Kav: ‘‘Bu sene çözüm senesi olacak, mutlaka kazanacağız’’
Son birkaç yılda Özgecan Aslan’dan, Emine Bulut’a, Şule Çet’ten Güleda Cankel’e birçok kadın cinayeti kamuoyunda gündem oldu. Buna rağmen kadın cinayetlerinin önü alınabilmiş değil. Yine de kadın örgütleri temsilcileri, gelinen noktanın gelecek için umut verici olduğunu söylüyor.
Gülsüm Kav, ‘‘Kadın cinayetlerine tepki veren, ‘artık yeter’ diyen, tepki veren sorunu sahiplenen, adliye adliye gezerek mağdurlara destek veren önemli bir kadın kamuoyu var. Bu kamuoyu çözüm arayışında. Yıllar önce kadına dayağa karşı da böyle bir kampanya vardı. Bu nedenle kendimizi hiç de güçsüz hissetmiyoruz. İstanbul Sözleşmesi var. 6284 var. Sözleşme anayasa kuvvetindedir. Arkamızda anayasa var. Yüzyılların insan hakları geleneği var. O yüzden yasalara göre son derece kuvvetli mücadele götürüyoruz. Bu sene çözüm senesi olacak. Mutlaka kazanacağız’’ diyor.
Önder: ‘‘Emine Bulut’un ‘ölmek istemiyorum’ çığlığı birçok kadının sessizliğine son verdi’’
Melek Önder ise bu yılın Ağustos ayında eski kocası tarafından kızının gözü önünde bıçaklandıktan sonra ölen Emine Bulut’un ‘ölmek istemiyorum’ şeklindeki sarsıcı sözlerinin şiddet gören birçok kadını harekete geçirdiğini söylüyor.
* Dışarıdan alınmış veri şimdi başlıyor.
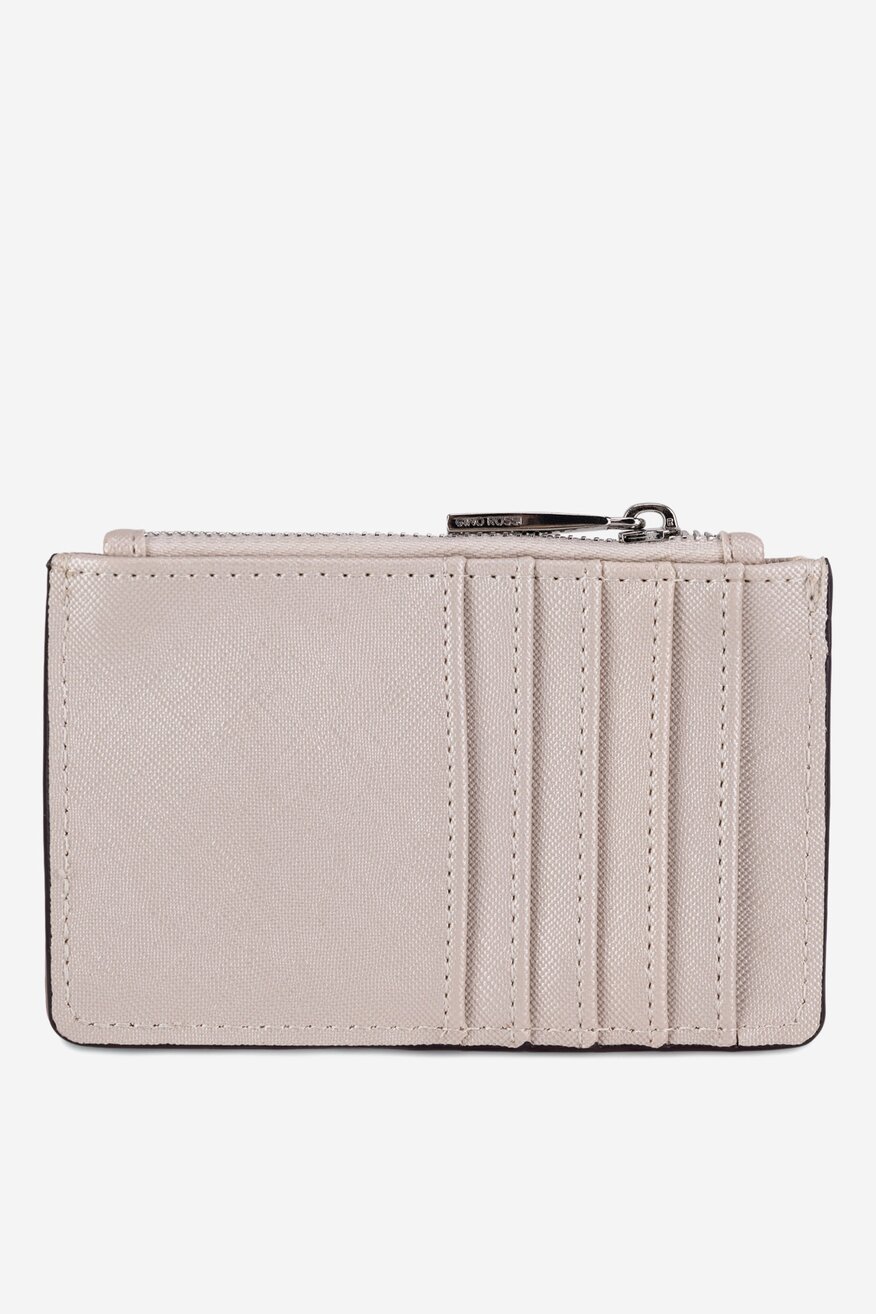 
                Ženski novčanik Gino Rossi SREBRNA - 5905588978312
Önder, ‘‘Kadınlar sessiz kalmak istemiyor artık. Emine Bulut’un ‘ölmek istemiyorum’ çığlığını o günden sonra da çokça duymaya devam ettik. Birçok kadın, sosyal medyada yazıyor, medyaya ya da bize ulaşıyor. ‘Biz de ölmek istemiyoruz’ diyorlar. Evet, kadınlar ölmek istemiyor. Bu hayatta başta temel hakkı olan yaşam hakkı olmak üzere tüm haklarını eşit bir şekilde istiyorlar. Kadınlara yönelik saldırlar artarken önleyici tedbirler ya da caydırıcı cezalar mutlaka uygulanmalı. Bunlar uygulanmadığı sürece erkekler bunlardan cesaret alıp kendilerinde istedikleri şeyi yapma hakkı görüyorlar. Bu nedenle hükümete büyük görev ve sorumluluk düşüyor’’ diyor.